▶ **Problem requirements**
The reply should hold every entry exactly as written and none of the pictures.

▶ **Working data**
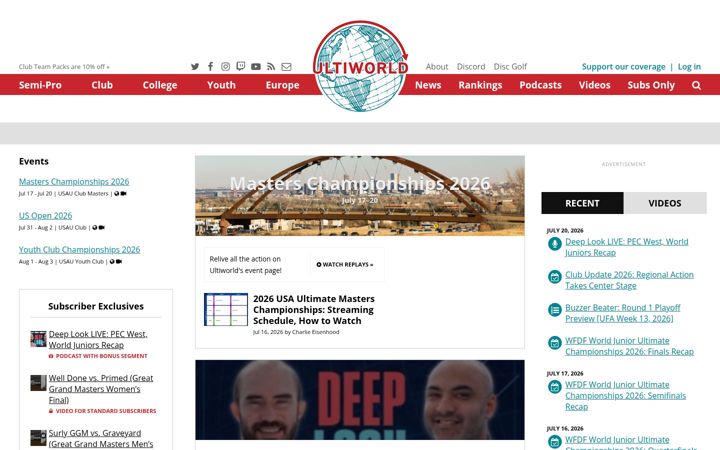 Screenshot of ultiworld.com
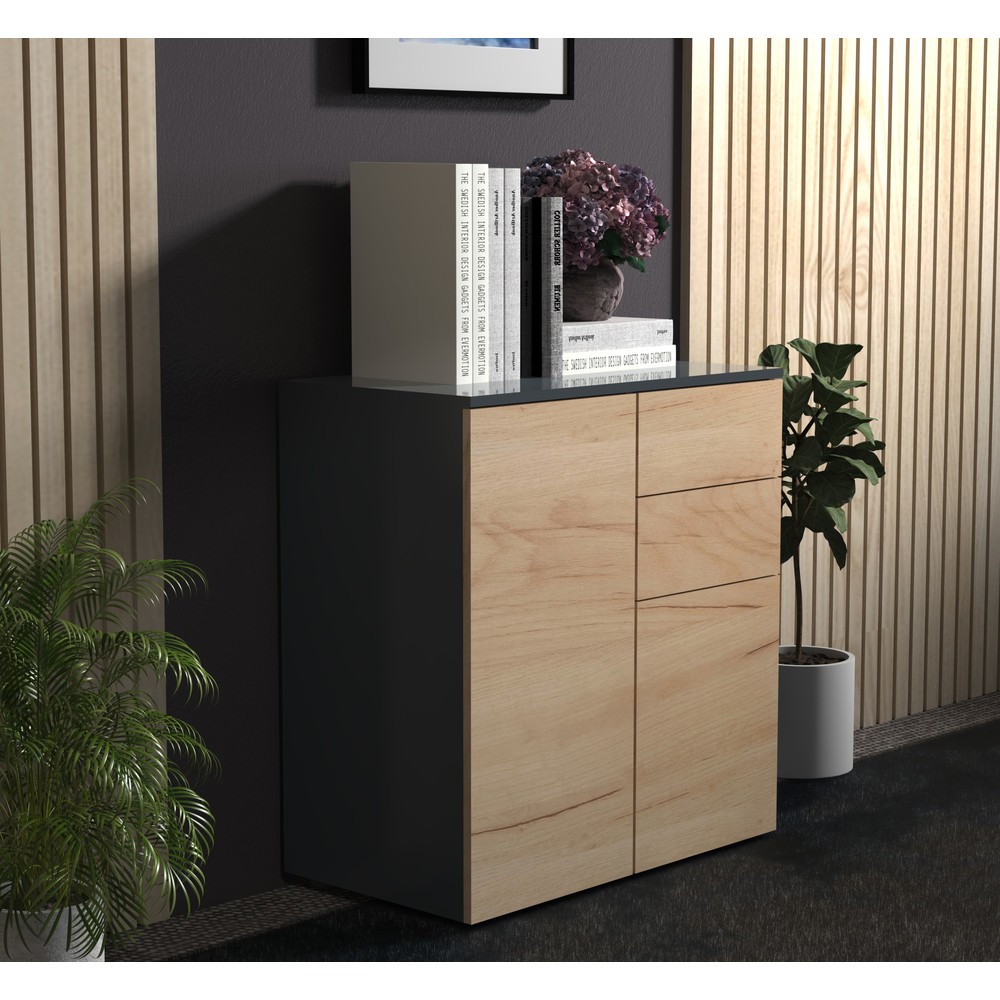Produktabbildung Nr. 4: VCM commode Dalosa 4 compartiments, chêne miel
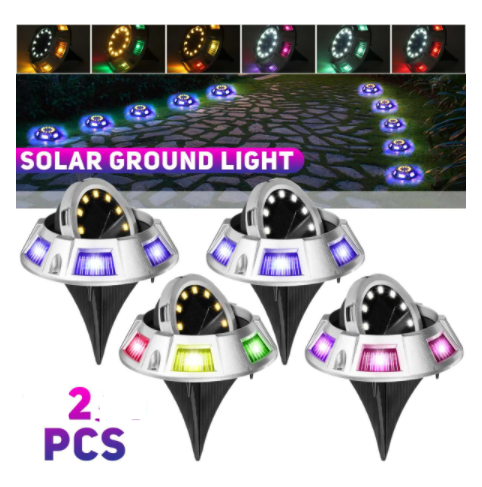 Lámpara Solar Luminosa para Terraza y Jardín - Image 6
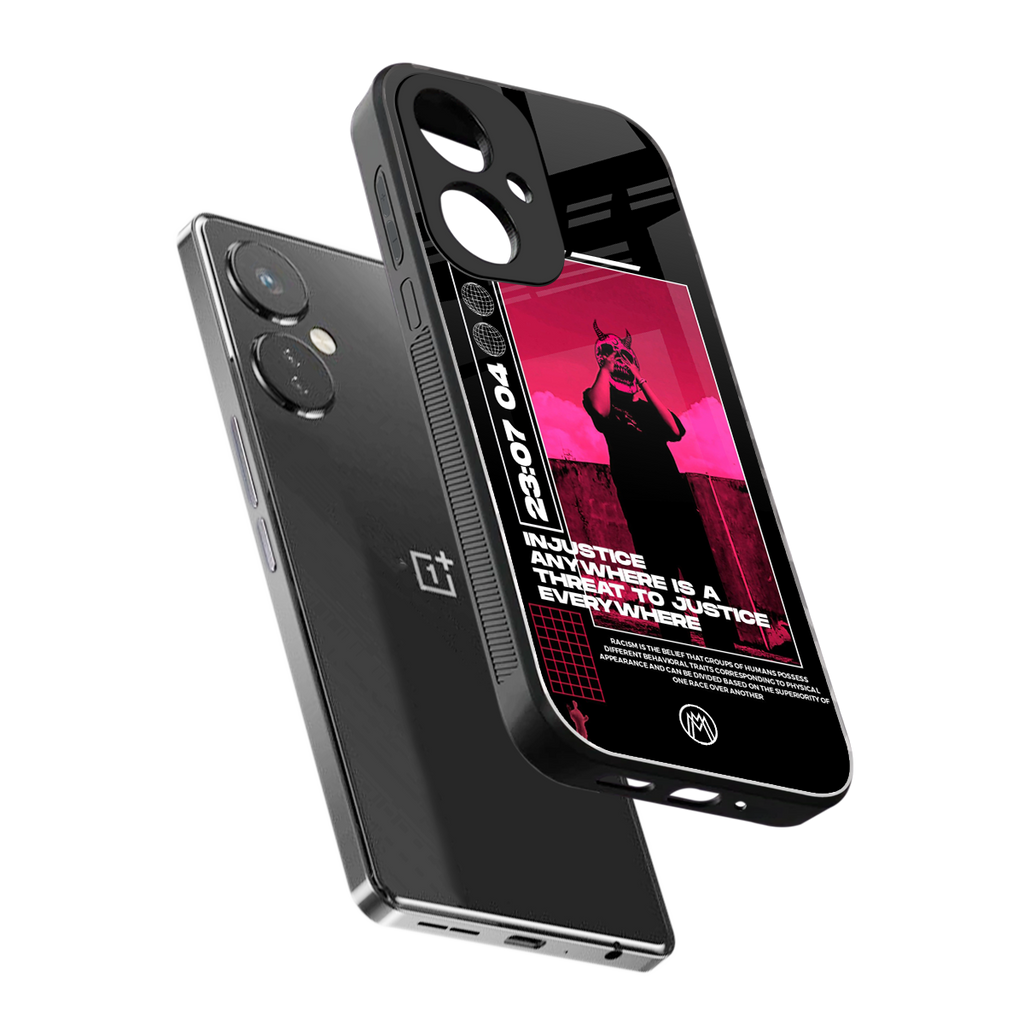 injustice back phone cover | glass case for oneplus nord ce 3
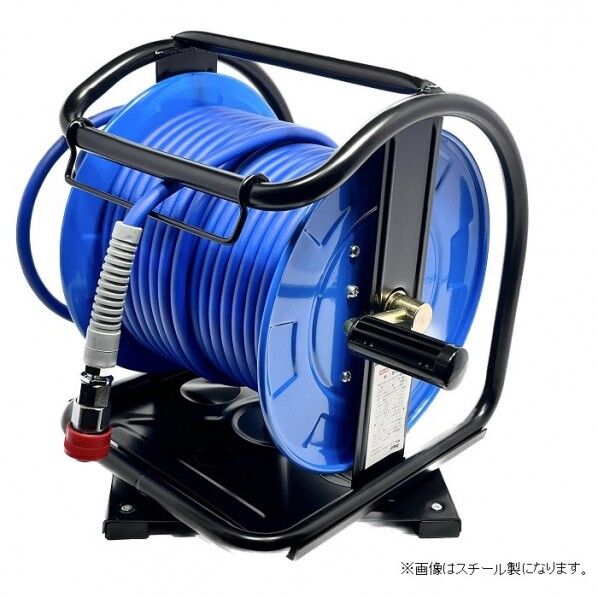 常圧用 C型ドラム スーパースムージーホース ステンレス製 回転台付 ブルー 内径7.0mm×外径10.0mm×30m SNDZG-730TC-S 1台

▶ **Result of this task**
 Screenshot of ultiworld.com
Produktabbildung Nr. 4: VCM commode Dalosa 4 compartiments, chêne miel
 Lámpara Solar Luminosa para Terraza y Jardín - Image 6
 injustice back phone cover | glass case for oneplus nord ce 3
 常圧用 C型ドラム スーパースムージーホース ステンレス製 回転台付 ブルー 内径7.0mm×外径10.0mm×30m SNDZG-730TC-S 1台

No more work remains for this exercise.